Lassen Sie mich einige dieser sozialen Bereiche aufzählen. Da wäre beispielsweise der Arbeitsbereich, der Finanzbereich, der Erziehungsbereich, der Liebesbereich, der militärisch Bereich, der sexuelle Bereich, der politische Bereich, der kirchliche Bereich, der Forschungsbereich, der Justizbereich, der Freizeitbereich, der wissenschaftliche Bereich, der Schulbereich, der Wirtschaftsbereich, der Universitätsbereich, der Freundschaftsbereich, der Kindergartenbereich, der Versicherungsbereich, der kriminelle Bereich, der Börsenbereich, der Pflegebereich, der Gesundheitsbereich, der Rentenbereich … um nur die wichtigsten zu nennen. Damit aber nicht genug. Jeder dieser Bereiche ist nochmals in unzählige Unterbereiche gegliedert. Der Bankenbereich etwa in einen Kreditbereich, einen Aktienbereich, einen Investitionsbereich, einen Anleihenbereich, einen Sparbereich, einen Obligationsbereich, einen Immobilienbereich, einen Lobbybereich und so weiter und so fort. Eine vergleichbare Aufsplitterung gilt für alle anderen Bereiche.

Versucht man sich ein Bild dieser überaus komplexen modernen Gesellschaft zu machen, dann setzt sich diese aus zahllosen Fragmenten zusammen. Man kann sich einen Planeten vorstellen, dessen Oberfläche von einem riesigen Puzzle aus unzähligen Teilen gebildet wird. Das Puzzle Gesellschaft besteht allerdings nicht aus kleinen Pappkarten, nicht aus totem Material, vielmehr lebt es. Ständig ist ein Bereich im Umbruch, er gliedert weitere Unterbereiche aus oder es entstehen neue Bereiche.

Diese Beweglichkeit und enorme Komplexität haben zur Folge, dass die moderne Gesellschaft unüberschaubar ist.

Niemand kann sie als Ganzes im Blick haben. Schaut man nach Norden, verändert sich schon der Süden, Osten und Westen. Beschreibt man dann, was sich im Westen verändert, ist der Norden schon nicht mehr der Gleiche.

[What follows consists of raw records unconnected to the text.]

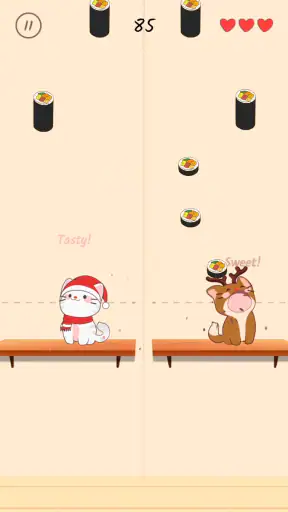 듀엣 고양이: 음악 귀여운 게임 (Duet Cats) screenshot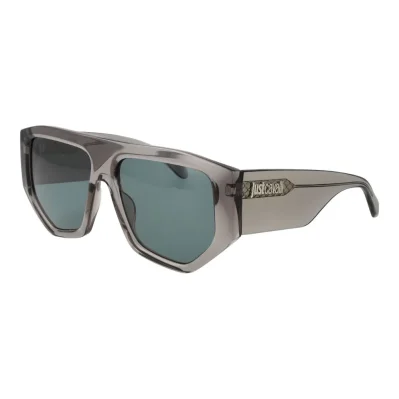 Gray Cellulose Acetate Sunglasses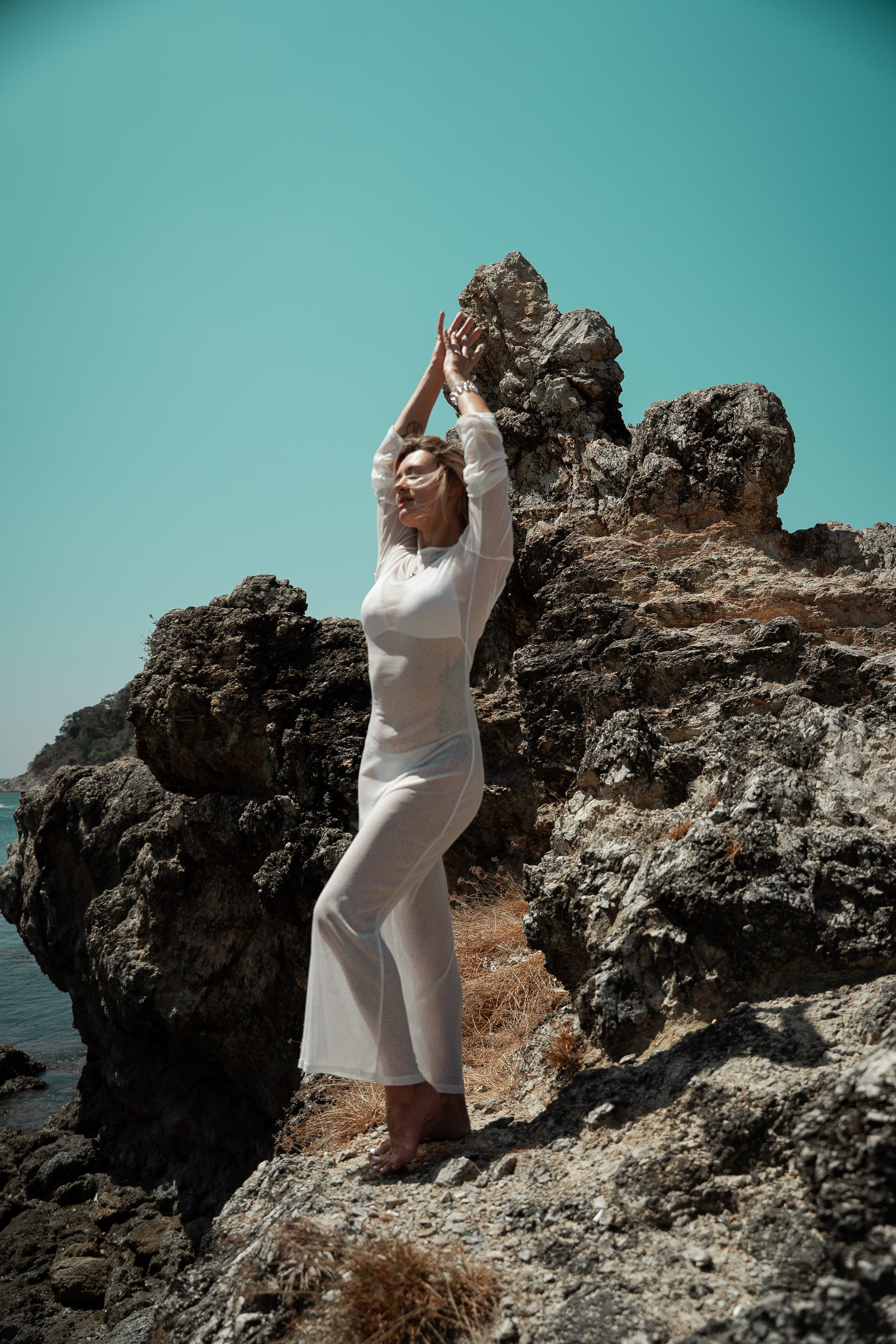 Mountains and sea. Brand designer | photographer | model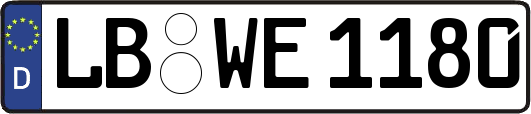 LB-WE1180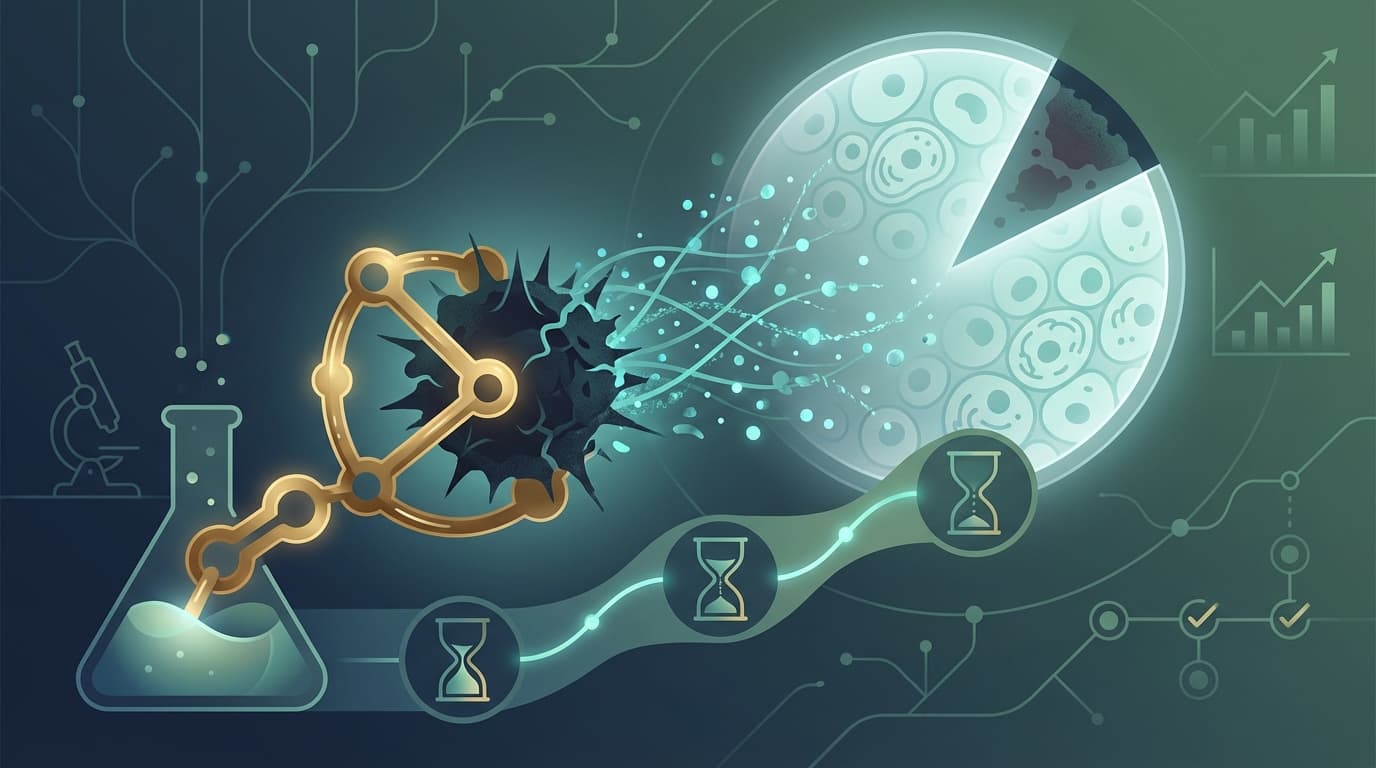 The Drug That Won't Let Go: 81% Remission After Three Years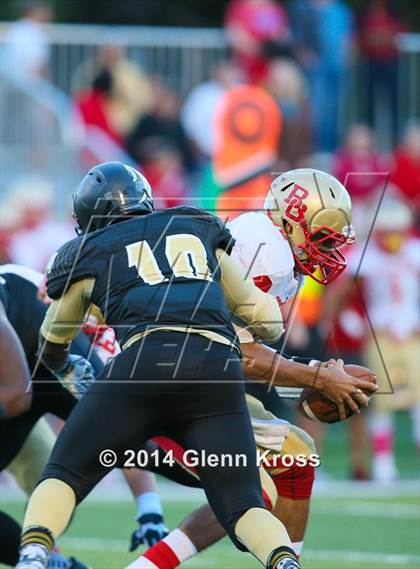 Thumbnail 1 in Bergen Catholic @ Paramus Catholic photogallery.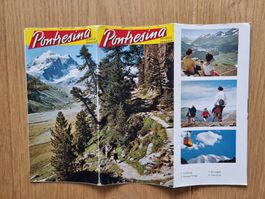 Werbeprospekt Pontresina von 1969
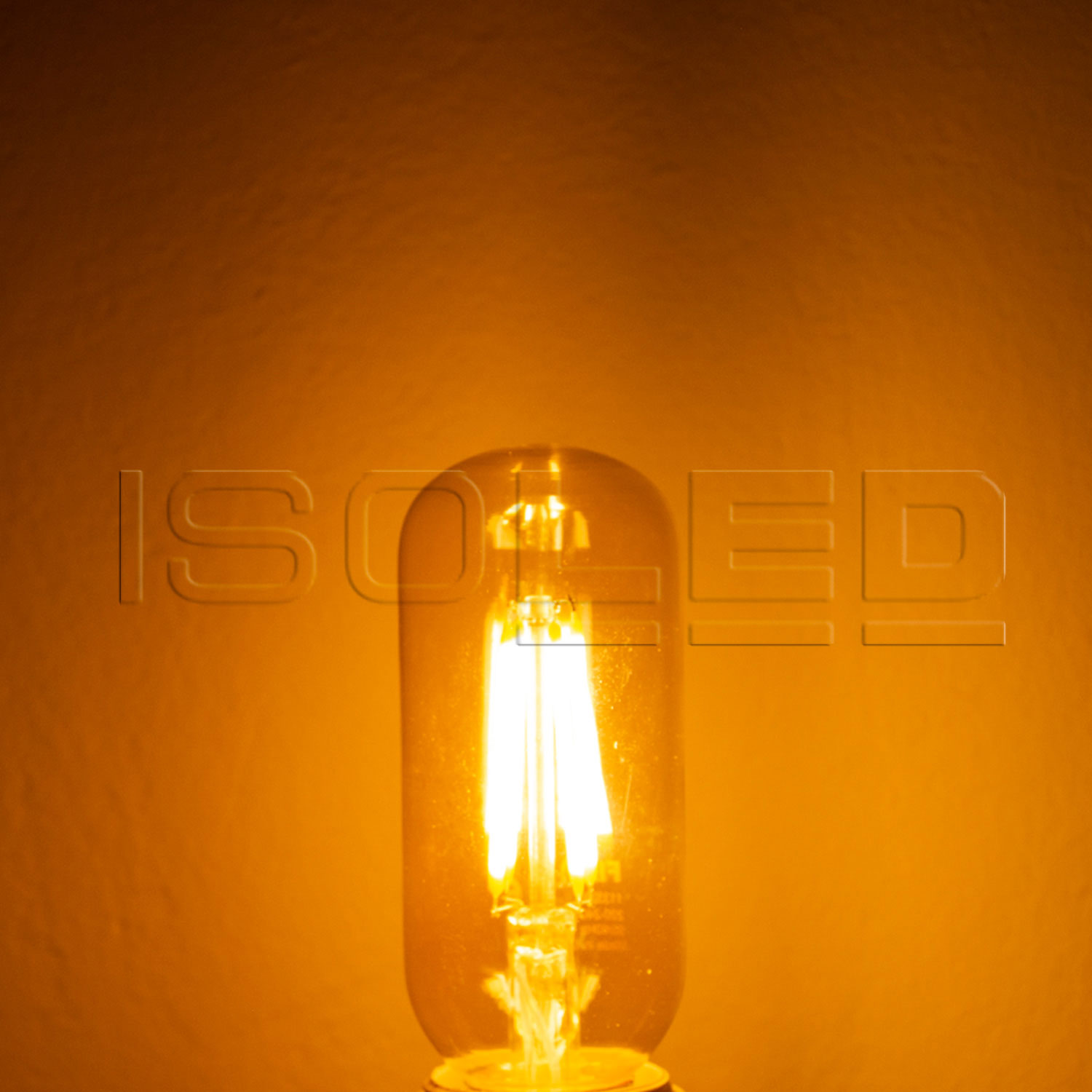 ISOLED E27 T45 Vintage Line 8W ultrawarmweiß dimmbar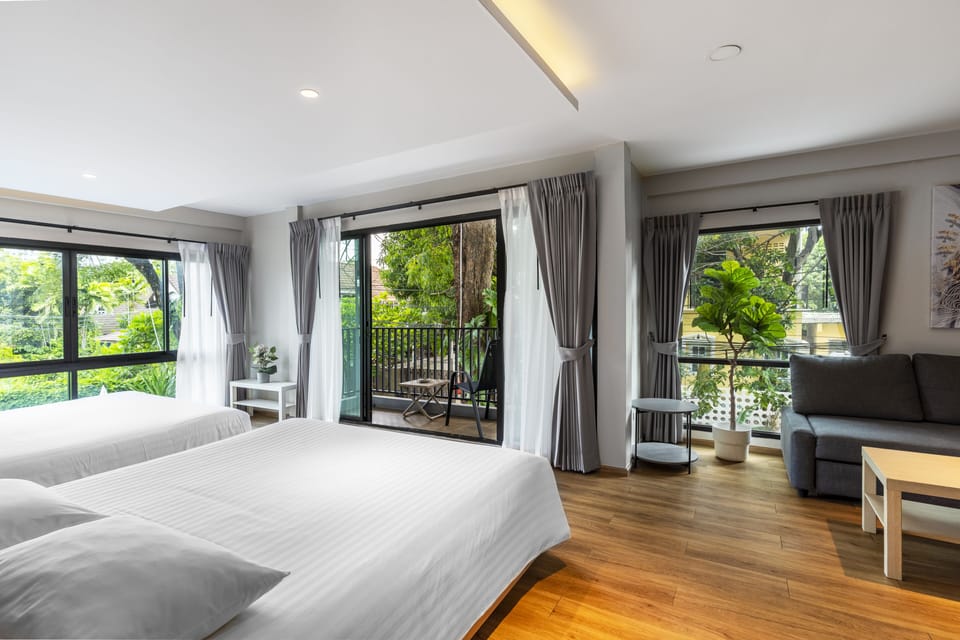 Family House, 2 Bedrooms, Non Smoking | Premium bedding, blackout drapes, iron/ironing board, free WiFi
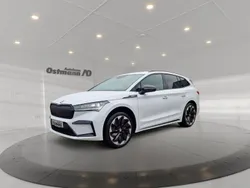 Moon weiss Neu 2024 Skoda Enyaq iV SportLine SUV | 59.790 € (Teuer)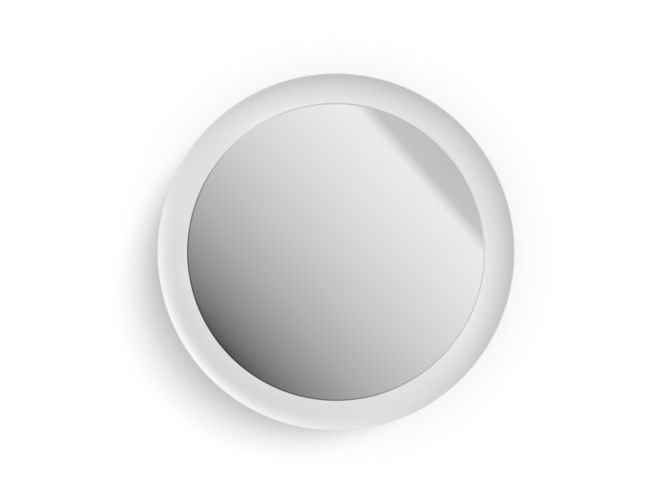 An image of product of the Adore Bathroom lighted mirror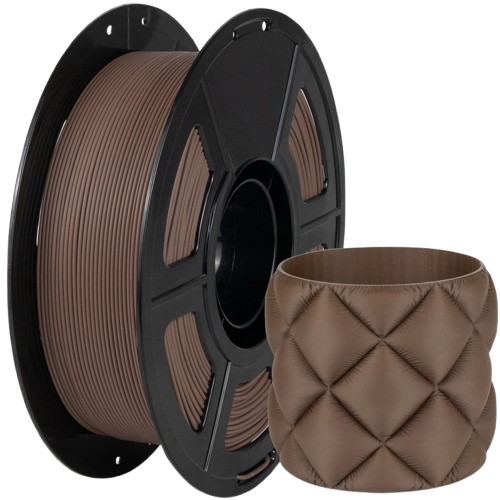 iSANMATE PLA MATE MARRON 1.75mm 1kg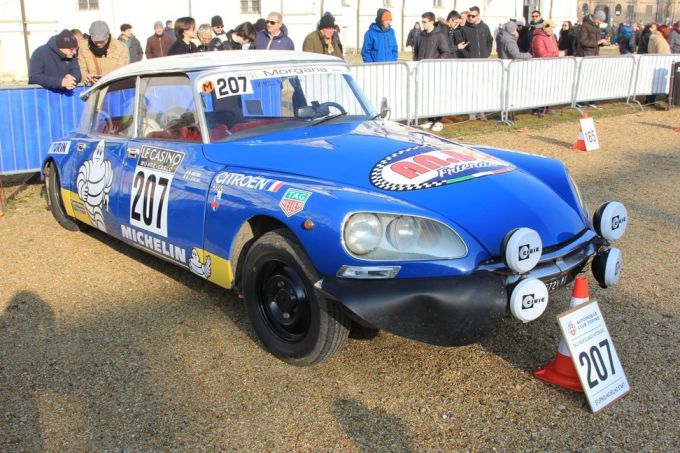 De 28e Rallye Monte-Carlo Historique 2026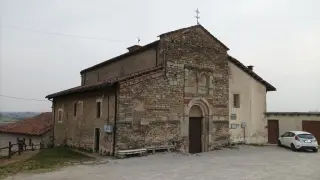Facciata - Chiesa di San Martino a Busca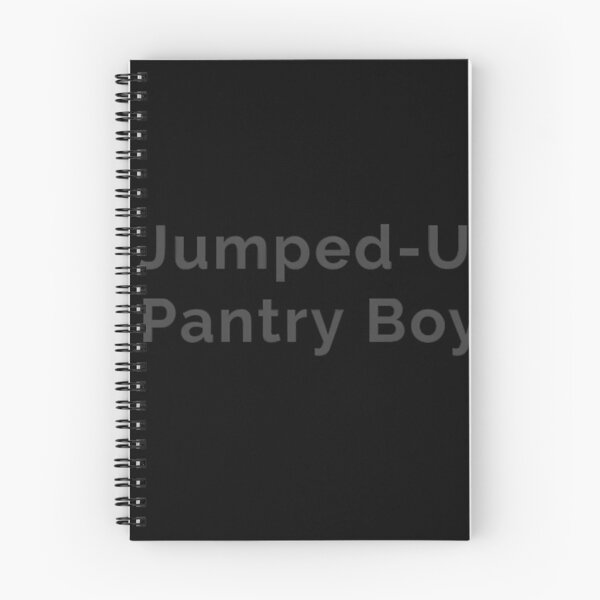 Item preview, Jumped-Up Pantry Boy designed and sold by JOHNNYNTINOS.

Wo man auch hinschaut, nichts lässt sich festschreiben. Was hat diese Entwicklung zu einer nie da gewesenen gesellschaftlichen Komplexität mit dem Thema Psychotherapie und dem Individuum zu tun? Sehr viel.

Der Einzelne ist heute gezwungen, sich in unterschiedlichsten Bereichen zu bewegen, wenn er an der Gesellschaft teilhaben will. Ein Individuum muss sich im Wirtschafts-, im Finanz-, im Gesundheits-, im Religions-, im Arbeits- im Liebesbereich etc. und in den dazu gehörigen unzähligen Unterbereichen zurechtfinden und verhalten können.

Heute reicht ein einziges ‚Ich’ nicht mehr aus.

Der moderne Mensch hat dazu viele unterschiedliche Identitäten - unterschiedliche Ich - kultiviert, zwischen denen er in seinem Lebensalltag ständig wechselt. Er verfügt über nichts Festes mehr, zu dem er verlässlich 'Ich' sagen könnte. Würde er versuchen, sich in der komplexen Gesellschaft auf ein einziges Ich festzulegen, bekäme er alsbald Probleme.

Machen wir den Versuch. Wie weit kommt man ‚als Bauer’ oder ‚als Feudaler’ im Bankenbereich? Keinen Schritt weit, denn dort interessiert nur Geldt. Dort ist man Käufer oder Verkäufer, sonst nichts. Wie weit kommt man ‚als Bürger’ oder ‚als Feudaler’ im Universitätsbereich? Bis zur Pforte, denn dort sind nicht Herkunft, sondern wissenschaftliche Titel und Leistungen gefragt. Kann man ‚als Handwerker’ oder ‚als Feudale’ einen Partner lieben? Natürlich nicht, heute ist man schlicht ein Liebender, der auf die innerlichen Vorgänge des Partners mit Zuwendung reagieren muss.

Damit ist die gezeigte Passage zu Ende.